The analytics platform is built for cloud-native workloads, meaning that it understands that containers come and go in flock, that they’re part of a bigger whole and that you need all that contextual information to do monitoring and post-mortem forensics.
Unifying the view
Sysdig closes the visibility gaps by offering a single, unified view for performance metrics, compliance dashboards and security events to be used across teams. This helps teams highlight the events and containers that have performance or security and compliance issues that need immediate attention.
Sysdig Monitor provides the run-time monitoring, dashboarding, alerting and trace-driven troubleshooting. Monitor uses the open source sysdig tool.

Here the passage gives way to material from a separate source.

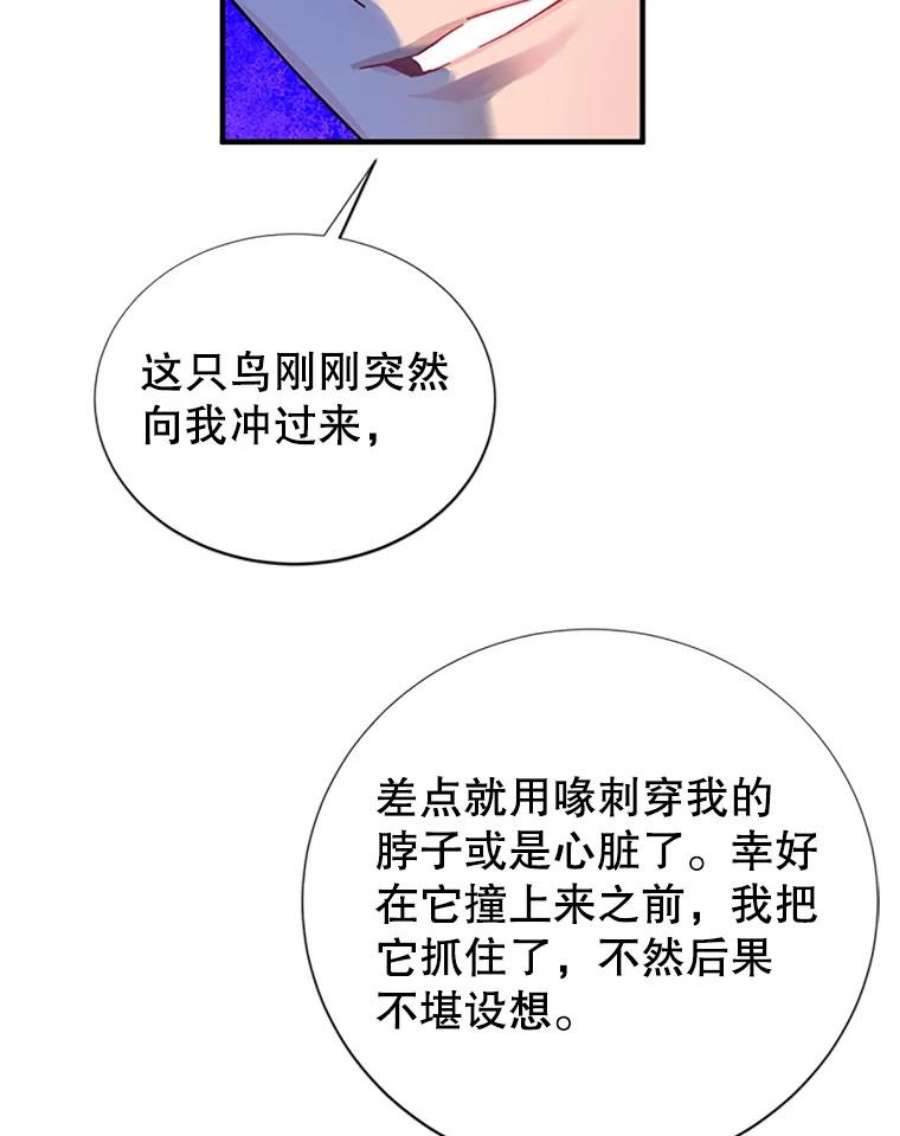 传令鸟公主殿下3.初见法拉尔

Sysdig Secure is the security part of the equation with vulnerability management, compliance (250+ out-of-the-box compliance checks), runtime security, anomaly detection and forensics for post-mortem improvements. Sysdig Secure uses the open source Falco, Inspect and Anchore tools.
Sysdig is not just for production. In addition, it helps developers by trying to catch faults (like known security vulnerabilities) before they even make it to production. This reduces production issues and lets developers treat their containers as artifacts.
Sysdig’s enterprise offering is a complete set of monitoring and security features, pulled into a single overview. Here, developers, security and operations teams share a common, complete view of reality to optimize performance, reduce risk and improve recovery time.